Input data below:

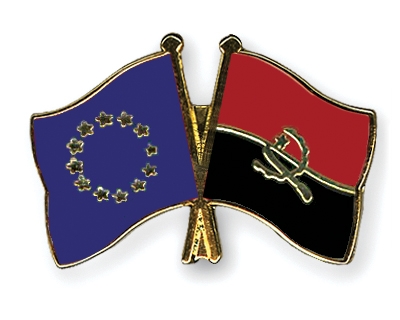 Fahnen Pins Europa Angola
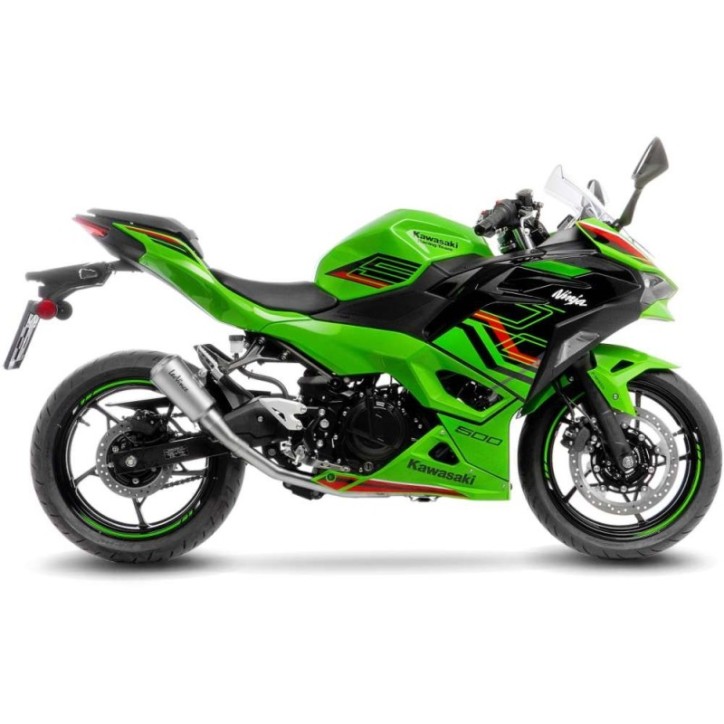 KIT COLLECTEUR LEOVINCE POUR KAWASAKI NINJA 500 SE 2024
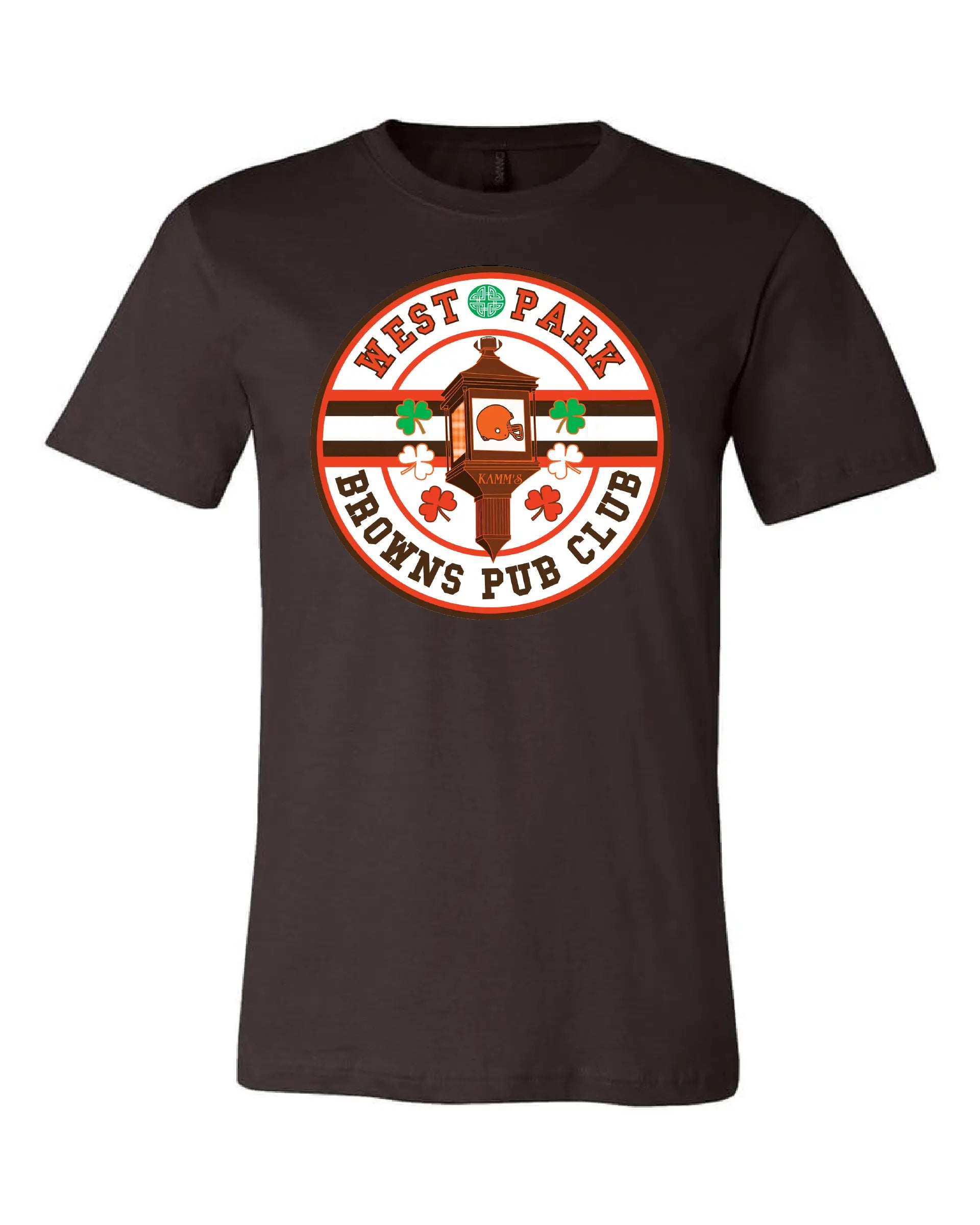 West Park Browns Pub Club - Only in Clev 3XL-Brown-Short-Sleeve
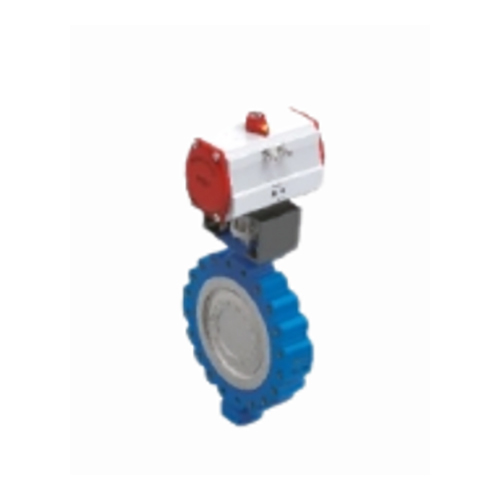 Duncan Integration With Ball And Butterfly Valve - Color: Red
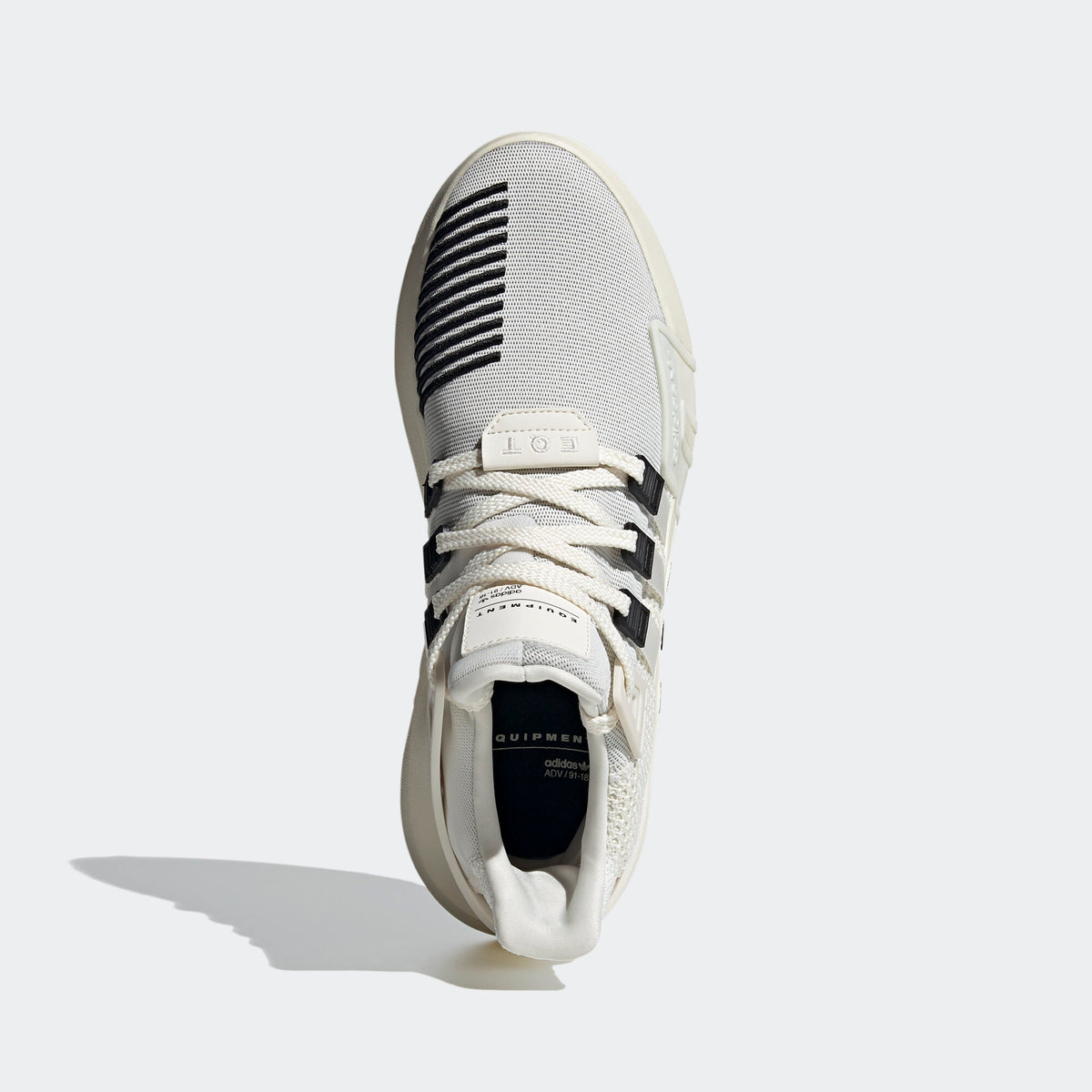 Adidas EQT Bask ADV Sneakers - Off White / Grey - view 6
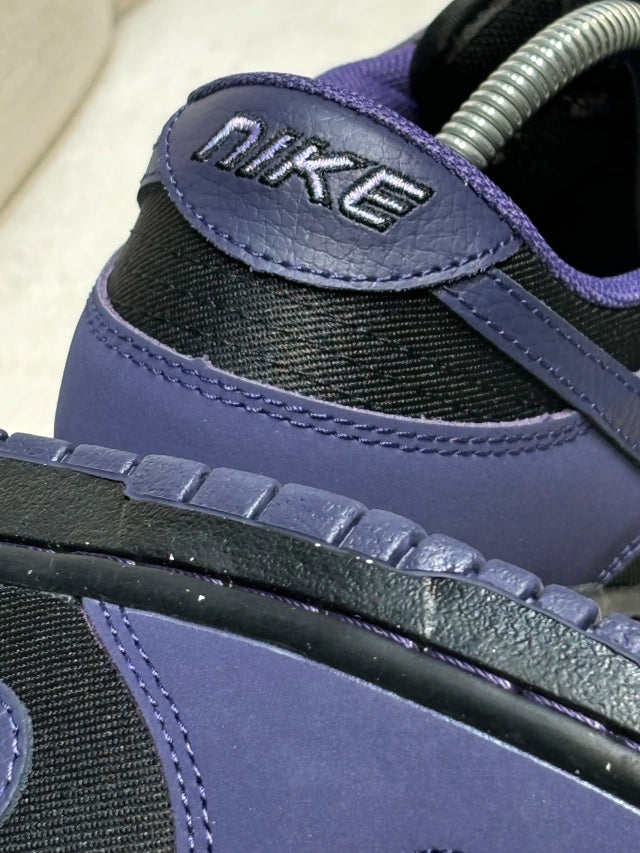 Nike Dunk Low Purple and Black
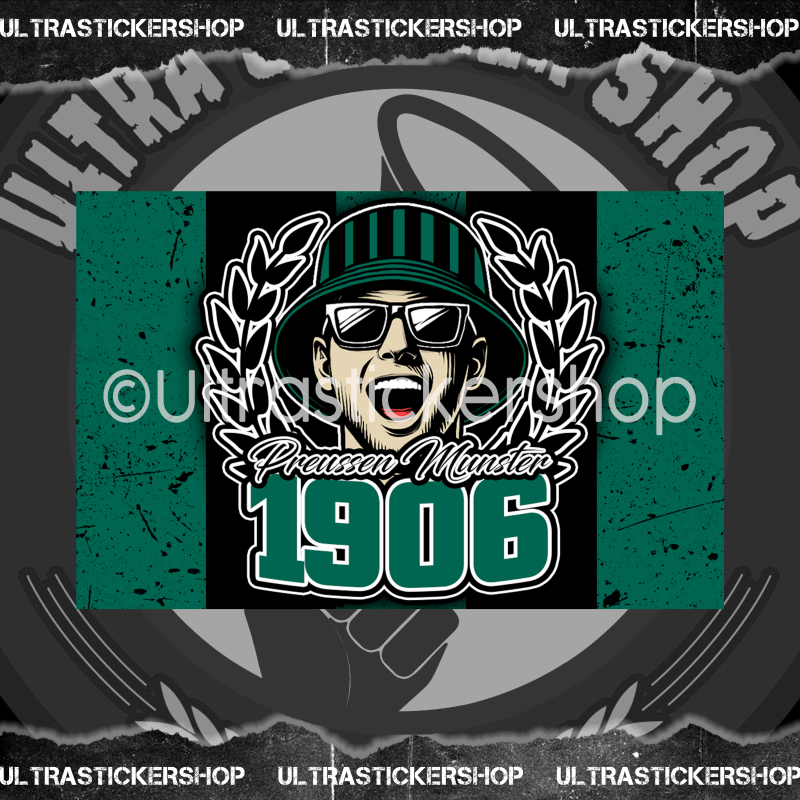 Preussen Münster 1906 Flag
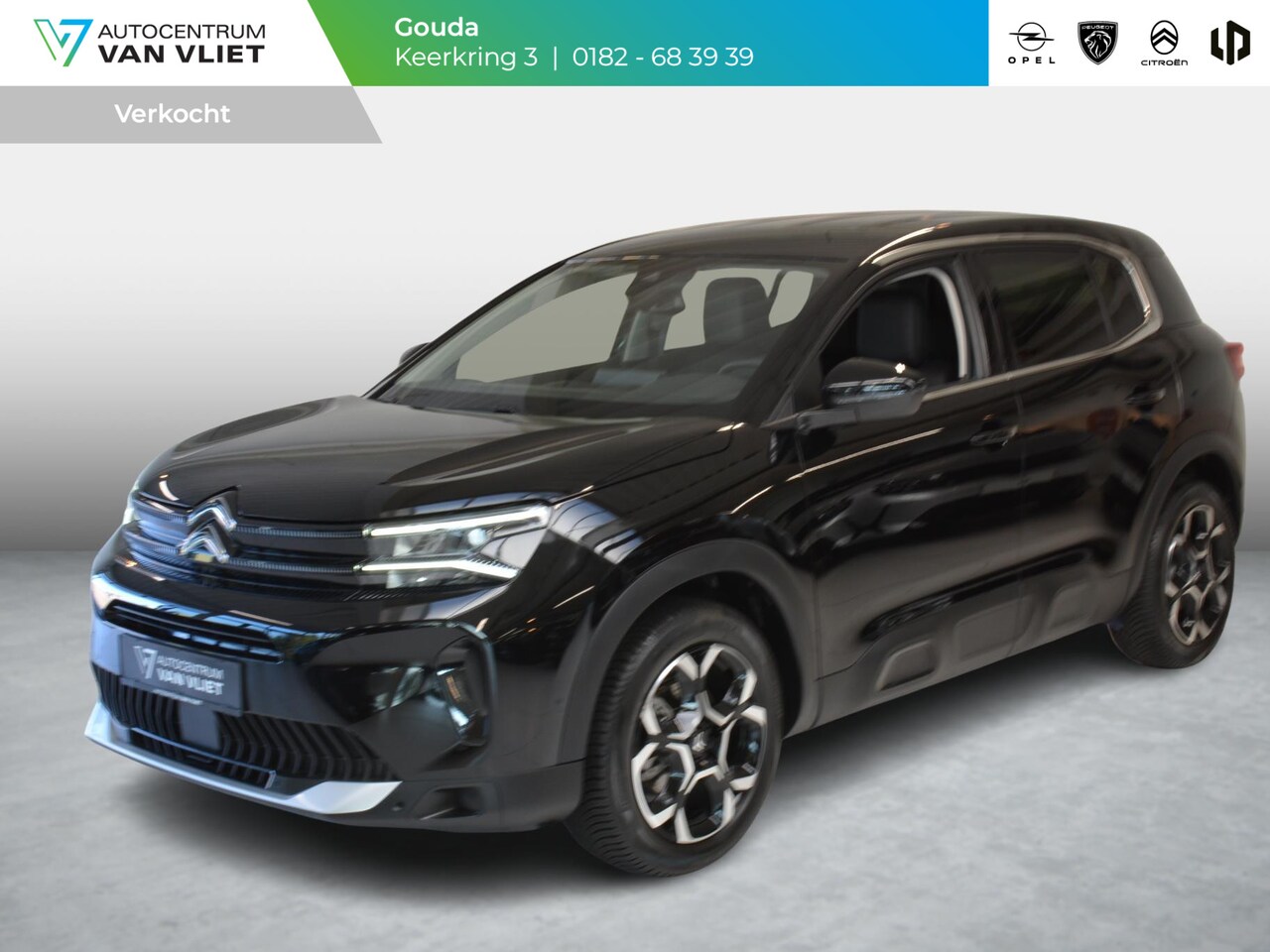 Citroën C5 Aircross - Hybrid 136pk ë-DCS6 Max | Navigatie | Stoelverwarming |  Alcantara bekleding | Adaptieve C - AutoWereld.nl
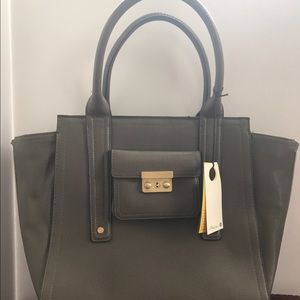 3.1 Philip Lim for Target taupe large bag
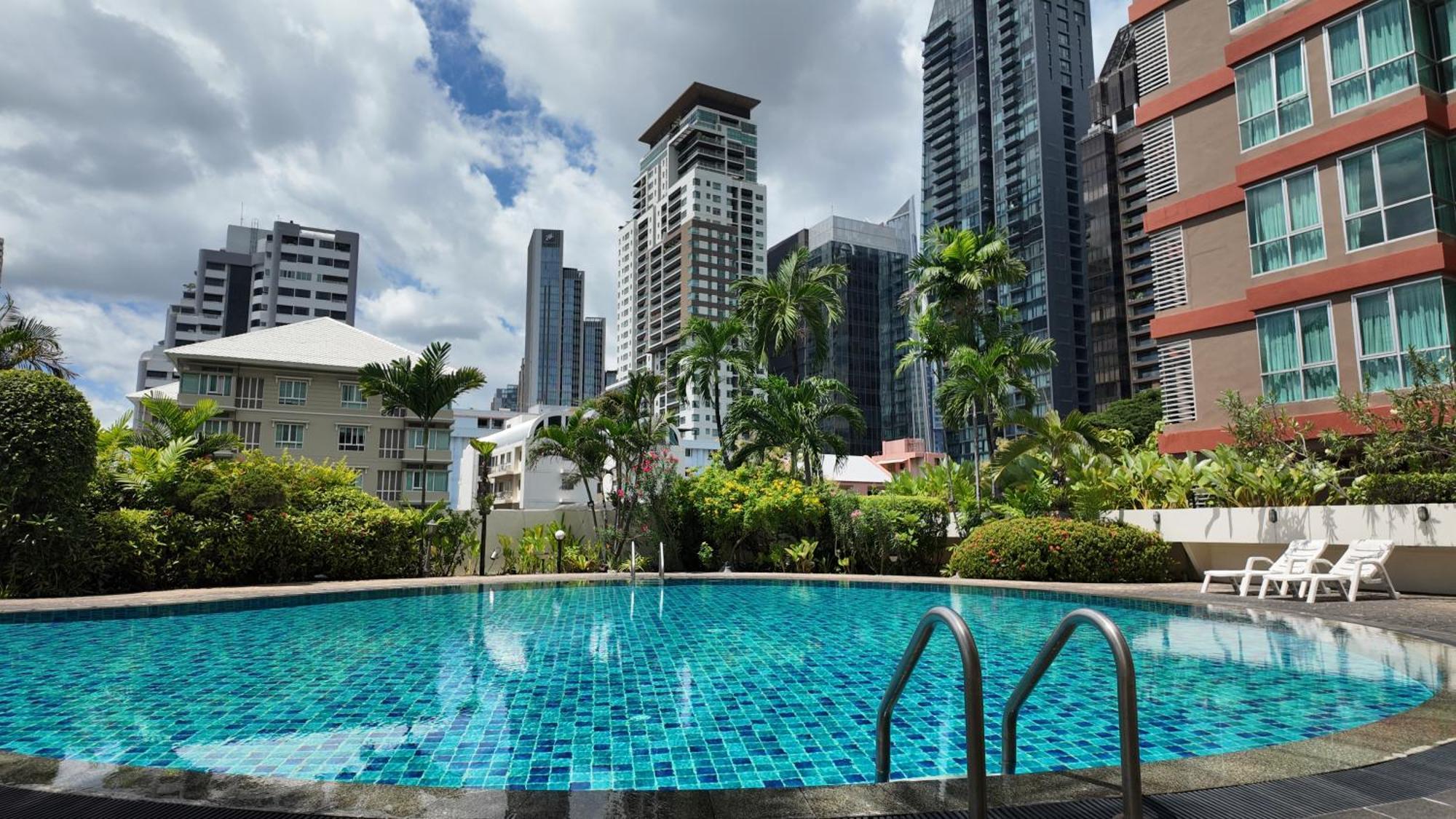 Charan Tower Residences By Aspira Bangkok Exteriér fotografie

End of Input data.

**What is needed**
Copy out, exactly and without pictures, each line from the one containing "3.1 Philip Lim for Target taupe large bag" through the final line of the entries, both ends included.

**Response to this exercise**
 3.1 Philip Lim for Target taupe large bag
 Charan Tower Residences By Aspira Bangkok Exteriér fotografie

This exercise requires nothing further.